Saturday, December 13, 2008

never possess a lobster during off-season

I had to go to traffic court this morning to get an arraignment hearing for an (alleged) illegal U-turn in front of my house. I've never had to be in court for anything other than jury duty, so this was a new experience for me, although one of which I was looking forward.

There were about 40 of us in a room, and we had a judge that was so old that instead of reading the instructions for the people coming up for their arraignment, he just played a tape recorder. Dude was old. It almost made me want to start visiting courts to see who these judges are whom I'm giving votes.

The first person up to the judge couldn't speak English and had to have a translator for him. He was charged with (and I certainly didn't see this coming) possession of a lobster while not in season. Seeing that I was in traffic court, I was trying to figure out how this jibed. Was the lobster in the accused person's car? Was it bound and gagged in the back seat? Was there any chance he was walking the lobster around on a leash?

Because of several measures that the state legislature has put in to add service charges to every fine, the guy's $120 fine ($100 + $20 for each lobster in his possession) came out to actually $430 dollars approximately. Stiff fine, and the guy probably didn't even get to eat the lobster. 

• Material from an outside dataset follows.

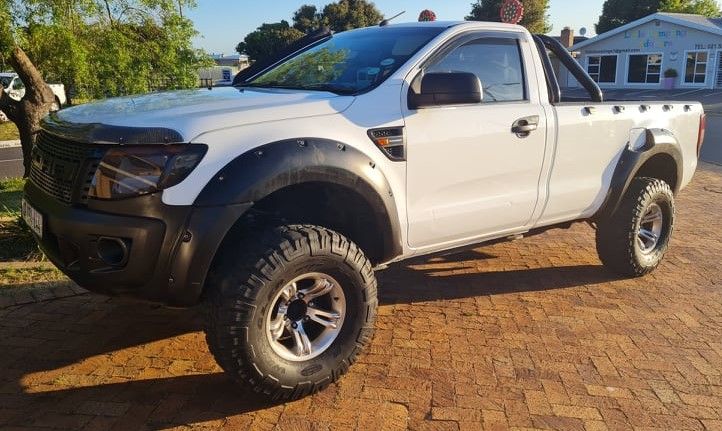 Ford Ranger 2.2 TDCi Xl 4x4 S/Cab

As for me, I thought about pleading guilty and just paying the fine, but the two people before me both pled "not guilty", so I never got to hear the fine. Instead of asking before my plea what the fine would be, I took my chances and said "not guilty". Afterwards I was told it would have been $35, which in this legislative world, would've been about $154, and that's before traffic school. Better to fight for my freedom, right?